New York Decriminalization Bill

[Note: I am not a lawyer, law student, or legal scholar.]

A new bill aimed at the decriminalization of Sex Work in the state of New York was recently introduced in the New York State Senate.  This bill (S6419) has been met with excitement by the Consensual Transactional Sex community.  This excitement is to be expected, but what does this bill actually say and is there any chance of it ever becoming law?

Legalization or Decriminalization?

So what does this law do?  News articles and online posts have used the terms “legalization” and “decriminalization” to describe the proposed legislation.  These two terms are not really interchangeable.  So which does S6419 do?

This bill expressly DECRIMINALIZES consensual Sex Work.

That is hugely important.  Legalization is NOT the best solution for our community.  Legalization is what they have in Nevada.  And that state places a lot of restrictions on Sex Work.  The New York bill will eliminate nearly all criminal law related to compensated sexual acts between consenting adults.  This is freedom for Sex Workers and Clients.

This law does not create restrictions on prostitution.  This is a significant departure from other laws that have been proposed or enacted in other countries.  Those laws, such as the so called “Nordic model” of laws, do not actually decriminalized consensual sex acts, but impose new types of restrictions on Sex Work that do not serve Sex Workers, Clients, or society.

What Is Still Illegal?

Under the proposed law most prostitution offenses are eliminated from the law.  But not all.  And that is GOOD NEWS.  Why?

Because this new law makes a clear distinction between CONSENSUAL Transactional Sex and Non-consensual sex.  It also continues to directly provide legal protection for minors by making sure that the exploitation of children is illegal.  It also makes a clear distinction between Sex Work and sex trafficking.  Sex Work is legal, sex trafficking remains a crime.

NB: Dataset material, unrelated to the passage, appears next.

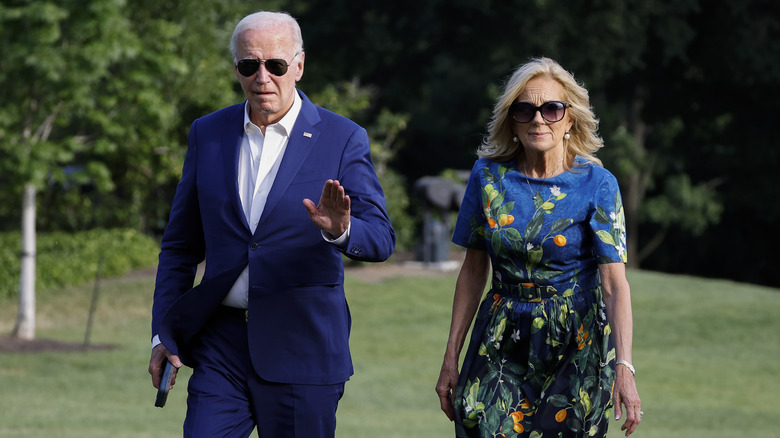 Jill and Joe Biden on the front lawn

What will this do?  It will make it possible for Sex Workers to be free, while actually giving more resources to Law Enforcement to pursue the true criminals.

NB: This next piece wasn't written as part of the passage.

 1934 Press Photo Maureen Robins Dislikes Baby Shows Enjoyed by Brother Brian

It also will make it much easier for victims of trafficking, abuse, violence, forced prostitution, and coercion to report these crimes to the police and get free of it.  This will give freedom to those in the sex trade who have been forced into it against their will.

Another significant thing that remains illegal is participating in prostitution within a school zone.  I think we can all get behind the idea that Sex Workers shouldn’t be seeing clients on school property.

Increased Safety

S6419 acknowledges that Sex Workers need protections.  This law provides the ability for Sex Workers (and Clients) to report crimes committed against them without any fear of prosecution.

It will actually protect a Sex Workers ability to work within the sex trade, and their ability to get out of Sex Work without a legal penalty.

A Clean Slate

A very important aspect of this proposed law is that it will give many Sex Workers (and their Clients) a chance at a clean slate.  A legal “do-over” if you will.  Because this law makes provision for the voiding of past convictions related to prostitution.  The law makes specific provisions for clearing criminal records related to past crimes that will no longer be illegal.  This means that any Sex Worker who has a record for basic prostitution offenses in New York State (and certain related offenses) can have them expunged from their records.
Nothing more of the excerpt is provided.